=== Recorded information ===

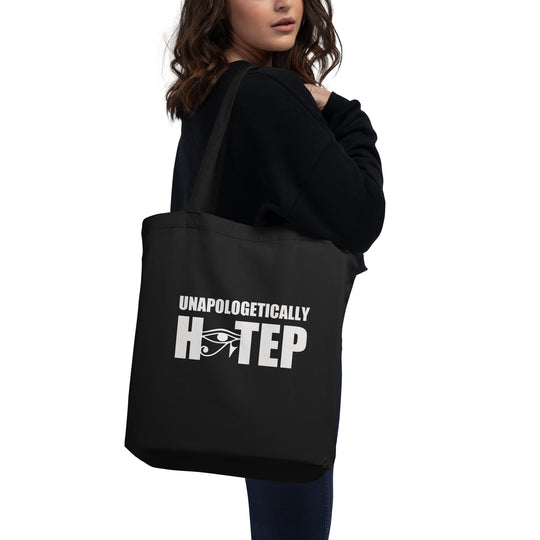 Unapologetically Hotep Eco Tote Bag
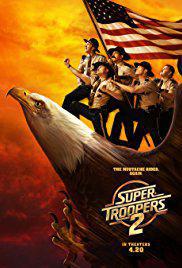 Plakát k filmu Super Troopers 2 (2018).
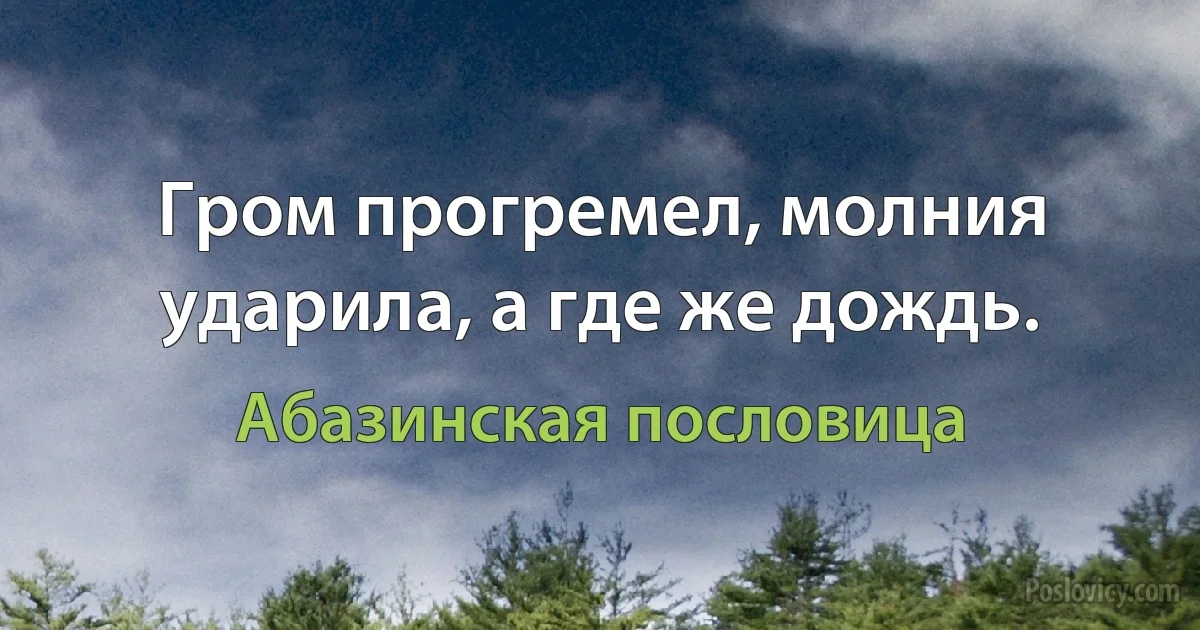 Гром прогремел, молния ударила, а где же дождь. (Абазинская пословица)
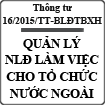 Thông tư hướng dẫn tuyển dụng lao động VN làm việc cho nước ngoài số 16/2015/TT-BLĐTBXH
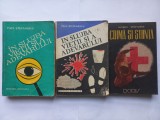 IN SLUJBA VIETII SI A ADEVARULUI [ VOL. I + VOL. II] - PAUL STEFANESCU + CRIMA SI STIINTA - JURGEN THORWALD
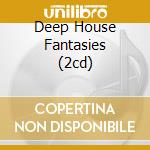 Deep House Fantasies (2cd) cd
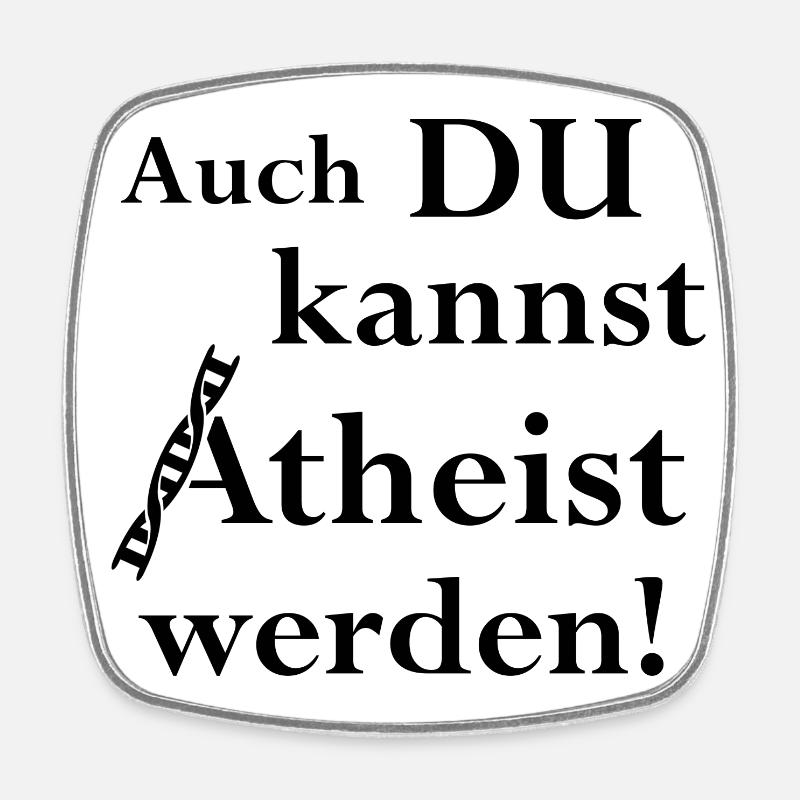 Auch du kannst Atheist werden! - Viereckiger Kühlschrankmagnet - Weiß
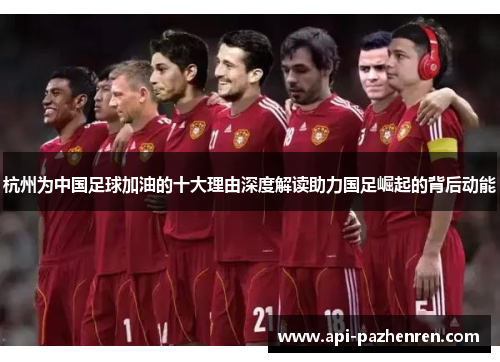 杭州为中国足球加油的十大理由深度解读助力国足崛起的背后动能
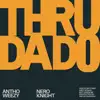 Thru Da Do (feat. Nero Knight) - Single album lyrics, reviews, download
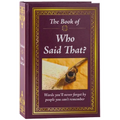 The Book of Who Said That?: Fascinating Stories Behind Famous Quotes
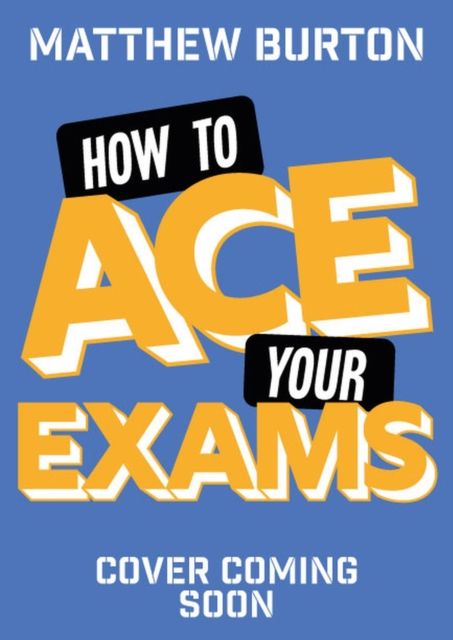 How to Ace Your Exams : 25 secrets to stress-free revision and passing your exams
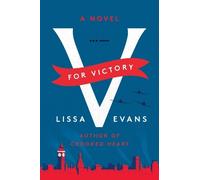Lissa Evans V for Victory (Copertina rigida)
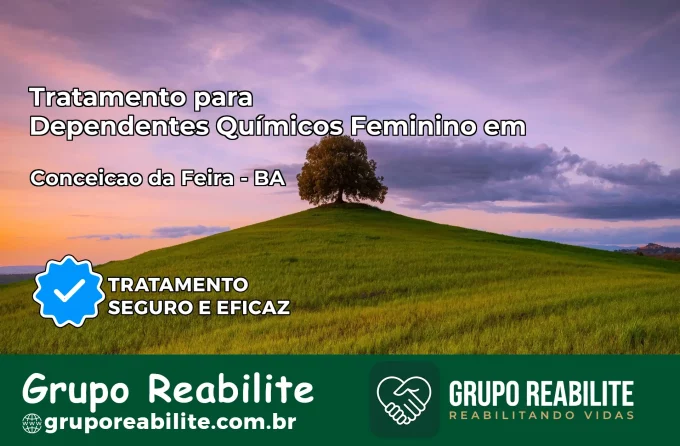 Tratamento para Dependentes Químicos Feminino em Conceição da Feira – BA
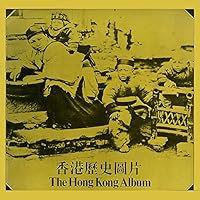 The Hong Kong Album B000AN2LV8 Book Cover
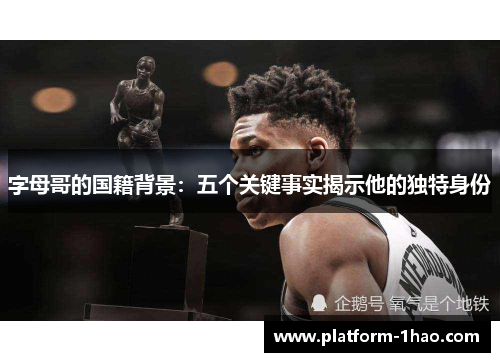 字母哥的国籍背景:五个关键事实揭示他的独特身份 字母哥的国籍背景:五个关键事实揭示他的独特身份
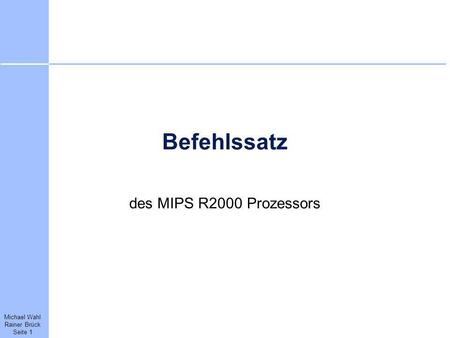 Befehlssatz des MIPS R2000 Prozessors.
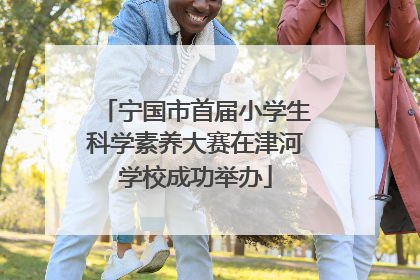 宁国市首届小学生科学素养大赛在津河学校成功举办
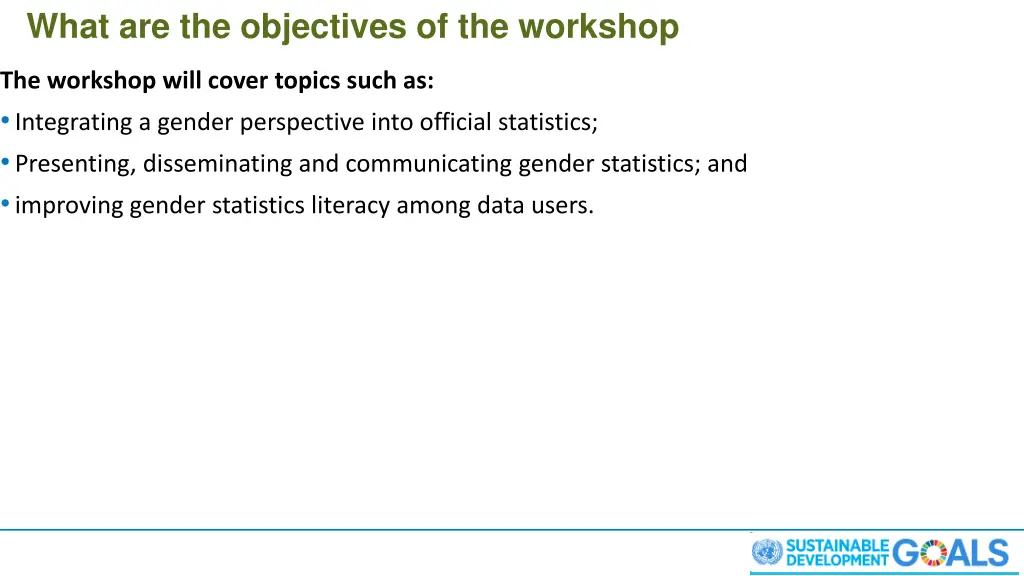 what are the objectives of the workshop 1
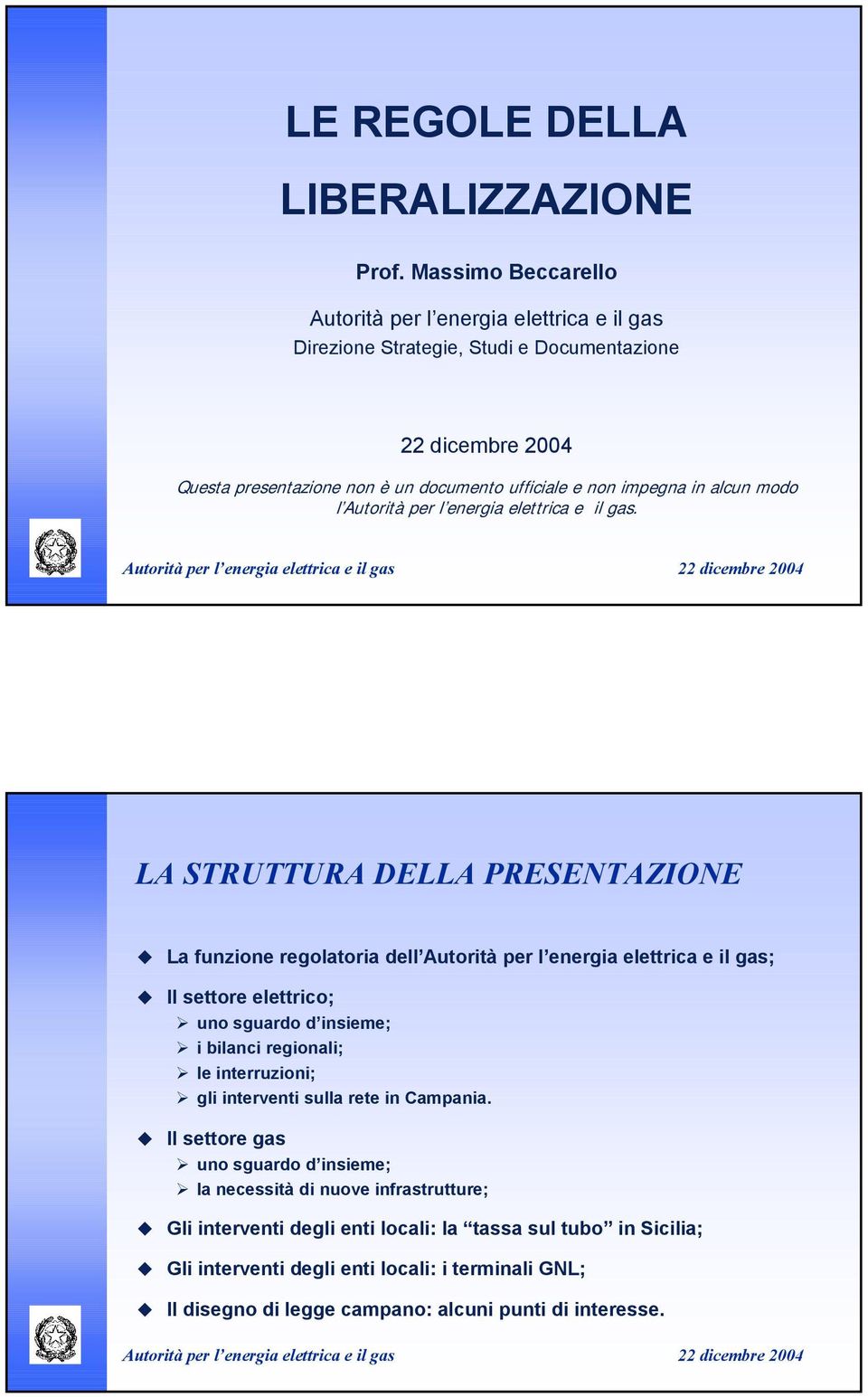 alcun modo l Autorità per l energia elettrica e il gas. LA STRUTTURA DELLA PRESENTAZIONE! La funzione regolatoria dell Autorità per l energia elettrica e il gas;!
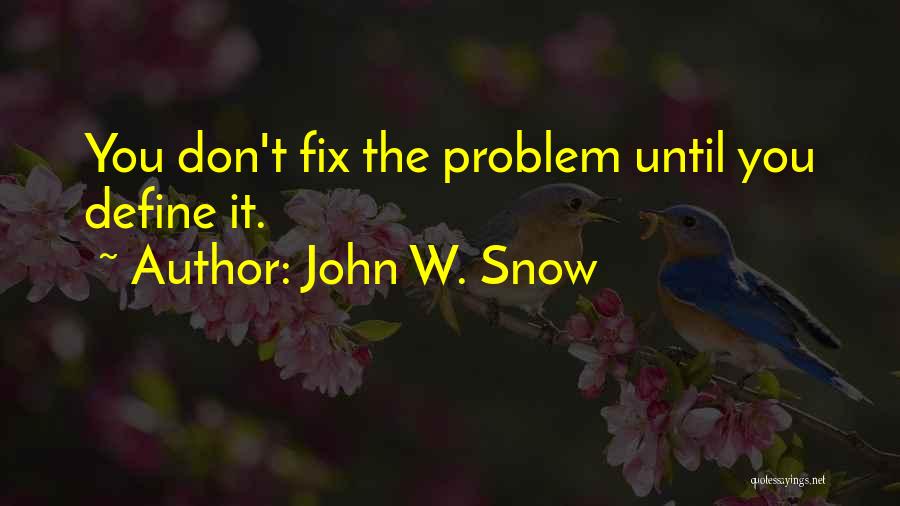 John W. Snow Quotes: You Don't Fix The Problem Until You Define It.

===

## Work request
Pictures stay out; everything else in the entries is copied exactly.

## Solution
 Unapologetically Hotep Eco Tote Bag
 Plakát k filmu Super Troopers 2 (2018).
 Гром прогремел, молния ударила, а где же дождь. (Абазинская пословица)
 Thông tư hướng dẫn tuyển dụng lao động VN làm việc cho nước ngoài số 16/2015/TT-BLĐTBXH
 IN SLUJBA VIETII SI A ADEVARULUI [ VOL. I + VOL. II] - PAUL STEFANESCU + CRIMA SI STIINTA - JURGEN THORWALD
 Deep House Fantasies (2cd) cd
 Auch du kannst Atheist werden! - Viereckiger Kühlschrankmagnet - Weiß
 杭州为中国足球加油的十大理由深度解读助力国足崛起的背后动能
 Thru Da Do (feat. Nero Knight) - Single album lyrics, reviews, download
 The Book of Who Said That?: Fascinating Stories Behind Famous Quotes
 How to Ace Your Exams : 25 secrets to stress-free revision and passing your exams
Lissa Evans V for Victory (Copertina rigida)
 Tratamento para Dependentes Químicos Feminino em Conceição da Feira – BA
 The Hong Kong Album B000AN2LV8 Book Cover
 字母哥的国籍背景:五个关键事实揭示他的独特身份 字母哥的国籍背景:五个关键事实揭示他的独特身份
 Befehlssatz des MIPS R2000 Prozessors.
 宁国市首届小学生科学素养大赛在津河学校成功举办
 what are the objectives of the workshop 1
 alcun modo l Autorità per l energia elettrica e il gas. LA STRUTTURA DELLA PRESENTAZIONE! La funzione regolatoria dell Autorità per l energia elettrica e il gas;!
 John W. Snow Quotes: You Don't Fix The Problem Until You Define It.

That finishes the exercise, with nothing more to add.